CellTrap: A Microfluidic Platform Enabling Cell-Cell Interactions at Variable Effector to Target Ratios

Immune-cancer cell interactions play a central role in understanding antitumor responses and evaluating immunotherapies. However, long-term, single-cell-level analysis of these interactions remains challenging. To address this, we developed a microfluidic trapping device with 1,024 traps, each equipped with a filter to retain cells, sustain medium flow, minimize cross-talk, and allow precise control of effector-to-target (E:T) ratios.
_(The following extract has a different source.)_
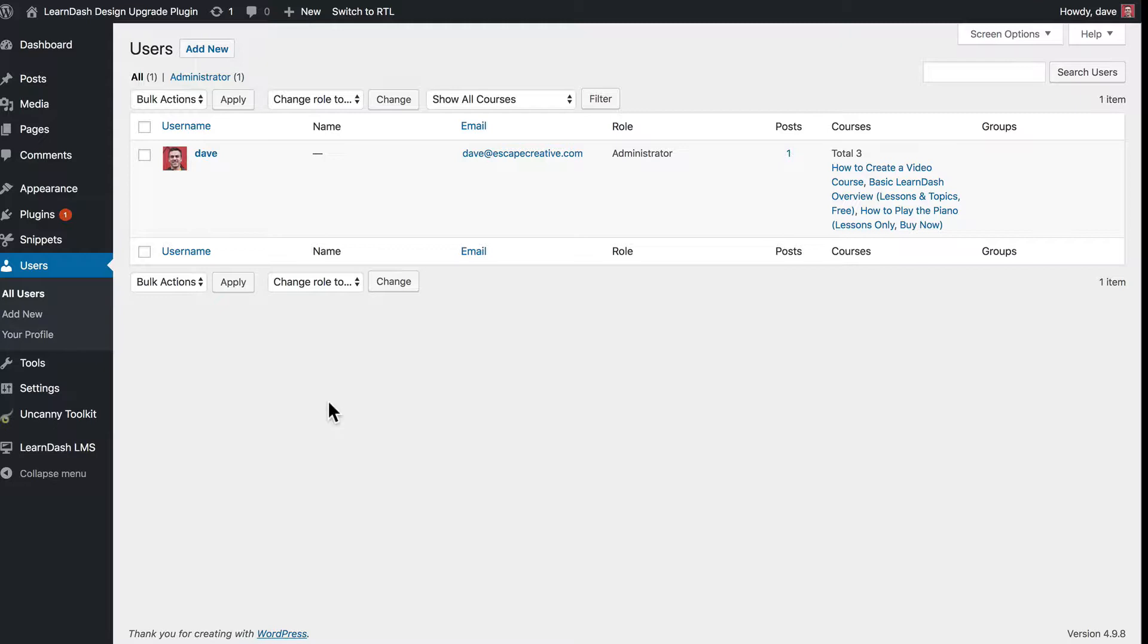However, as a course admin, you do have the ability to go back and mark lessons and topics as incomplete for your students. It may not work if you have a huge class with a really large enrollment and a ton of students, but for smaller classes this will work just fine for now.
The platform enables continuous monitoring of immune-cancer interactions for up to 14 hours. Device characterization was performed using 10 {micro}m fluorescent beads seeded via hydrostatic flow, with trap occupancy validated by Poisson statistics. Initial experiments using PBMCs against GFP-expressing U87 (U87GFP) glioblastoma cells demonstrated an immune-mediated reduction in GFP intensity, which was interpreted cautiously as a cytotoxic response. To improve reproducibility, we subsequently employed IL-2-stimulated Natural Killer cells (NK92IL2) as standardized effectors and evaluated their interactions with U87GFP glioblastoma cells, K562 chronic myelogenous leukemia cells, and LS174T adenocarcinoma cells. Time-lapse imaging revealed transient intracellular calcium fluxes, consistent with early activation of NK92IL2 cells, followed by a cytotoxic response. Increasing E:T ratios consistently enhanced immune activity, highlighting the utility of this device for dissecting immune-cancer interactions and guiding the development of immunotherapy.